In our research group, led by Jochen Wittbrodt of the European Molecular Biology Laboratory in Germany, we are studying Medaka (alias "the-small-fish-with-big-eyes" in Japanese) to understand how an eye forms in an embryo. Since Medaka eyes are similar to human ones, we can have a better understanding of human eye diseases resulting from malformations. When you look at Medaka transparent eggs under the microscope, you can see the eye developing "live."

 

How does computation fit into this?

My PhD work is not restricted to the eye only, but aims to understand which genes are essential for the formation of all organs, such at the eye, brain, ears, etcera. Therefore, I went to Kyoto to collect information about Medaka genes (more than 20,000) and built a database to store it. As it is impossible to study so many genes at once — it can take a whole career to study the function of just one — I have written computer programs to predict and analyze their function. I also do experiments to validate if the predictions of my programs are correct or if they are telling me complete nonsense  — which is more often the case, I have to admit, and that's why a PhD always takes more than 3 years!

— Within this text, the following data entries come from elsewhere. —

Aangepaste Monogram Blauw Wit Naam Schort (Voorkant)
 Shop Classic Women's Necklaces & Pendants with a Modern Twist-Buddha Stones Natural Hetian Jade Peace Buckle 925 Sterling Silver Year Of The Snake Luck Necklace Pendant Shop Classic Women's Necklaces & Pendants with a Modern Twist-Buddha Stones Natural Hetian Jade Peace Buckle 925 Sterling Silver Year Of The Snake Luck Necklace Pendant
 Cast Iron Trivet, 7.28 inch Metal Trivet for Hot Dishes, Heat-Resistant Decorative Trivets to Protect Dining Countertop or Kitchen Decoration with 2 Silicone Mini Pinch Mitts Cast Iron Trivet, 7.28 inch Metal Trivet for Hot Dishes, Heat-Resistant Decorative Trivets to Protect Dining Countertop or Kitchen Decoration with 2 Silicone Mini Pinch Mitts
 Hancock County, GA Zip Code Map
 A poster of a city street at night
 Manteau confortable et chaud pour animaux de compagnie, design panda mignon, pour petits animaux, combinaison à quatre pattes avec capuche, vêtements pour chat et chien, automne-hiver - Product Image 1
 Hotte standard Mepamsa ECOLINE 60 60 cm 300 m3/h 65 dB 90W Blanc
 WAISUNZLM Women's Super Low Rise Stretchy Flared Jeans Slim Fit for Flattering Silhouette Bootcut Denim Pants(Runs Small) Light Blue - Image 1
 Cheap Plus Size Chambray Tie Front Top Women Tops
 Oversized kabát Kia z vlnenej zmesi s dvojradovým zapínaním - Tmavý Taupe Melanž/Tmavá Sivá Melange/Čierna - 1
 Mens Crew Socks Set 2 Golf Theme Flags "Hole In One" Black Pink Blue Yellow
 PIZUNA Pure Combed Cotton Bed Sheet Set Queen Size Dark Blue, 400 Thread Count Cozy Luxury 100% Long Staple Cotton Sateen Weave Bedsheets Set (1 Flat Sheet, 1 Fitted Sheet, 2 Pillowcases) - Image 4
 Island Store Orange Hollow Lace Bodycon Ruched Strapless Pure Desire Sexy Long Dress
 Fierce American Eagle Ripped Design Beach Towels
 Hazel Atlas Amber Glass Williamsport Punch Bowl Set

Luckily before the PhD, I graduated from an engineering school where I learned bioinformatics techniques that allow the analysis of thousands of genes at a time. During high school, I enjoyed biology and mathematics a lot, and bioinformatics is somewhere in between these two fields.

 

Which subjects did you enjoy in school?

I remember at primary school, I was so impatient to go to school on Saturday mornings, because that was the day we were allowed to play with computers! (No, I'm not a geek.) During high school, I enjoyed both biology and mathematics a lot, so it was not easy to decide which field to follow.

How did your career progress?

I started to study biology at the University of Grenoble, and then graduated from an engineering school in biotechnologies in Marseilles, where I learned bioinformatics. This was by far my favorite subject, since it required computer science and a knowledge of biology, so I didn't need to choose between them anymore!

Ramialson says: "Being born on one island, Madagascar, and grown up on another island, Martinique, somehow it must have been my fate to work with fish. And my fish of choice is Medaka, a small freshwater fish from yet another island: Japan." Image courtesy of Miran Ramialison

What's the best thing about your job?

What I like most about my work is the independence to follow your own ideas and organize your research, and the opportunity to travel a lot. In research, you have to go abroad to advertise your work, and be aware of what scientists are doing in other labs around the world. 

During my PhD, I enjoyed attending conferences in Italy, the UK, the USA and Japan. But I have to admit that when I am back in Germany, where the winters are not exactly warm, I am very happy to see my little Medaka again, which are happily swimming in aquariums where the water temperature is a tropical 25°C.

But when I am not in the fishroom or at my computer, I practice Japanese and I also take German courses. I enjoy cooking different type of food (Malagasy and Creole for instance) but most of all, I love dancing hip-hop, salsa and zouk — typical music from the French Caribbean.